One other notable difference for this melt is that the first two melts of the day had used up the amount of charcoal that I had sized and screened (roughly ½-1”, no fines). For this melt I was throwing chunks of charcoal in bucket, crushing them carelessly with a hammer, and adding the entire mess into the furnace, fines and all. The third and last melt of the day ran longer than the first two, mostly due to the reduced air pressure and volume. With less air, the charcoal seemed to be filling up the chimney column more completely and felt like the fan was having a hard time pushing air through the increased quantity of fines. I let things run for about 30 minutes to get the blooms back up to melting temperature, then reconnected the air supply pipe.






The flame tending to shift from red to yellow is more dramatic in picture than in real life, but does seem to correspond to the melting state of the iron inside the furnace.


Well…….the higher air pressure had no problem clearing the fines, that's for sure, haha!






My favorite!





The huge bursts of sparks only last for a few minutes after each charge of charcoal has been added, but add greatly to the overall excitement! After the fireworks have abated, the flame looks a bit less dramatic.


If you stare at the flames too long though, they will sometimes stare back. Ellie says this flame is full of fire demons!







I ran the melt for about 30 more minutes (roughly 1hr total), then let the charcoal burn down to the tuyere before pulling the bloom. This one I like, bloom and picture both!



The camera can be a valuable tool in discerning what is going on during these high heat processes. I think that it shows a better differentiation that I can see by eye, maybe some increased IR ability, I don't know. The higher density of the iron/steel holds the heat much longer than the less dense slag. As with the other blooms, the mass is cup shaped, dramatically so. A small amount of slag would ideally be sitting on top of the developing steel bloom, but in this case is getting blasted off the top and onto the far wall of the furnace.



I quench the bloom and pick out the small fragments of entrapped charcoal bits before finally giving it a quick spritz of phosphoric acid to dissolve the black oxides remaining on the surface. The original air blast direction is away from the viewer, the small slag mass being the furthest away.






The bottom of the cup shaped bloom is a fascinating construct of small blobs and ribbons of iron. The tiny ribbons are bright, shiny and very flexible. You can bend then back and forth repeatedly without them breaking and they spark test as very low carbon iron.




They are also razor sharp, something that I didn't realize until the next day. “How in the hell did I get all these cuts on my hand!?”


The side view of the bloom opposite the tuyere seems to show a gradient of steel, iron at the bottom shifting to cast iron at the top.
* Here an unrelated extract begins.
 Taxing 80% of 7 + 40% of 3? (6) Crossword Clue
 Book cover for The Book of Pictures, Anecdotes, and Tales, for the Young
This bloom would've been great to keep as is or to consolidate into a tighter mass, but instead of that, I smash it cold into fragments, to check out the grain structure of the iron/steel. I can make more, right?



The mass as a whole is very tough, odd considering that the steel grain structure should be huge, given the high and prolonged temperatures, but this thin section broke nicely.




Mostly rather nice and relatively small grain steel with a tiny bit of  iron showing the characteristic stranding we see in wrought iron. The darker gray areas outside the break spark as cast iron, with a very few short red sparks.


The higher heat of this final melt has put the end on a long afternoon of steel production. It isn't too clear in this photo, but the furnace wall has eroded back over 30 mm and the clay/charcoal tuyere is essentially gone. Large vitrified sections of the wall surrounding the highest heat areas have shattered and fallen away, presumably to end up as slag that was attached to the bloom.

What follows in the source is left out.